ABOUT THIS EXERCISE
The required output is the exact text of the lines from the line containing "2nd image of 29 Brentwil Blvd" through the final line below, inclusive, without pictures.

RAW DATA
┏━━

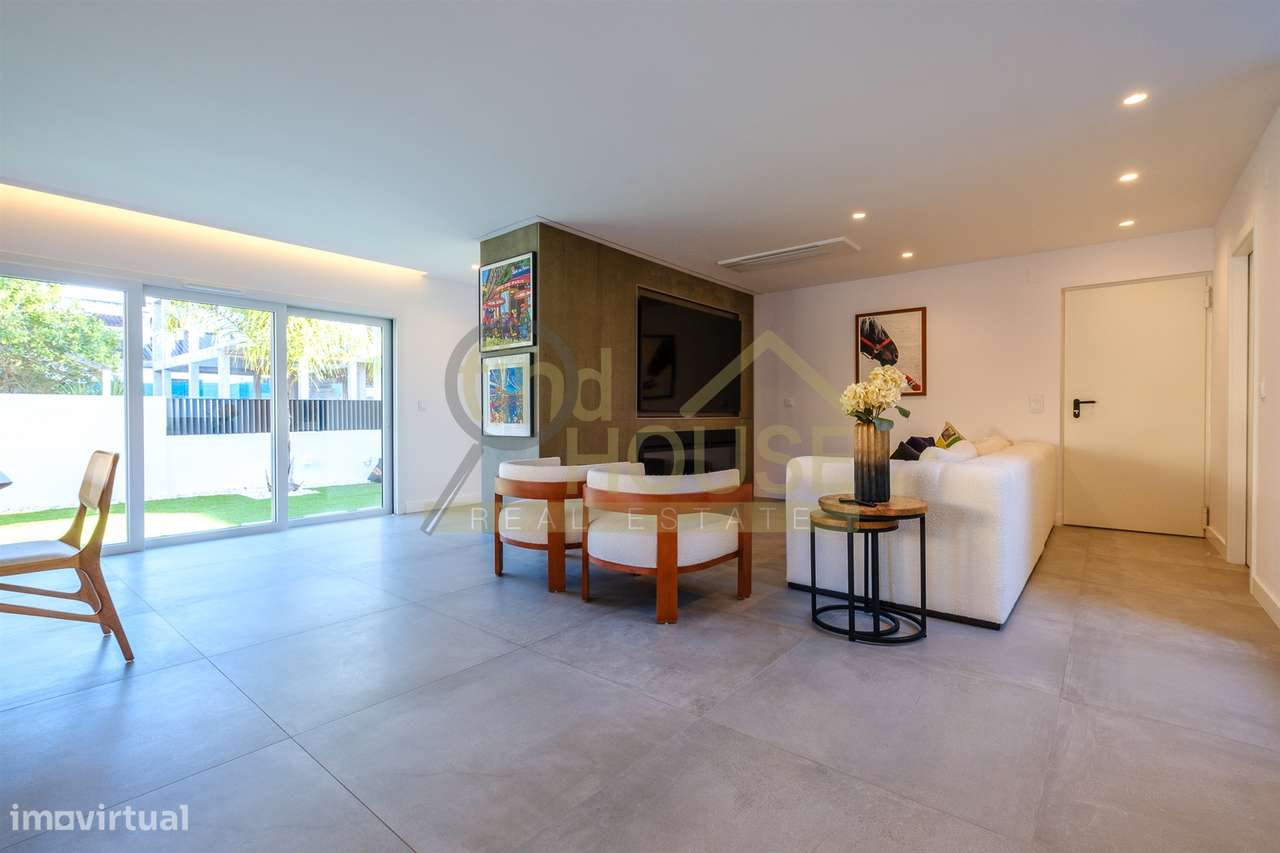 Moradia Isolada V3 com piscina junto à Herdade da Aroeira-3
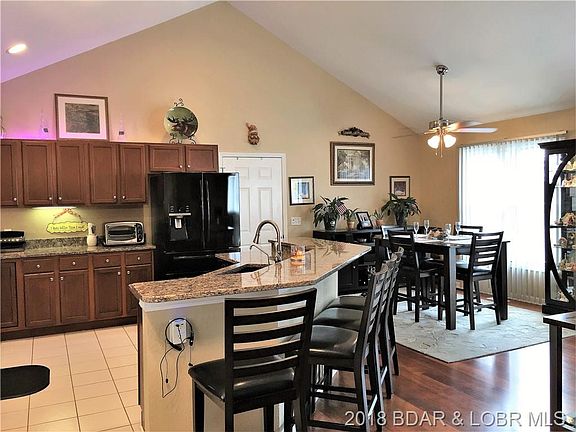 2nd image of 29 Brentwil Blvd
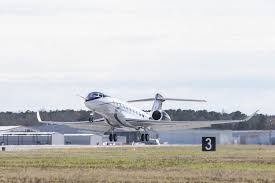 Gulfstream S Flagship G700 Business Jet Makes Its Maiden Flight In 2020 Gulfstream Luxury Private Jets Jet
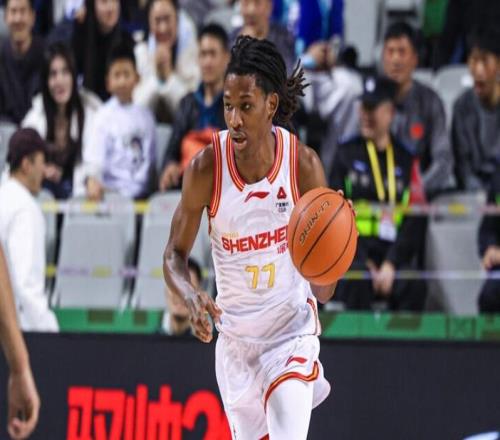赵继伟7中1梦游辽宁遭深圳双杀贺希宁32+9制胜两罚赛季新高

┗━━

ANSWER TO THIS EXERCISE
 2nd image of 29 Brentwil Blvd
 Gulfstream S Flagship G700 Business Jet Makes Its Maiden Flight In 2020 Gulfstream Luxury Private Jets Jet
赵继伟7中1梦游辽宁遭深圳双杀贺希宁32+9制胜两罚赛季新高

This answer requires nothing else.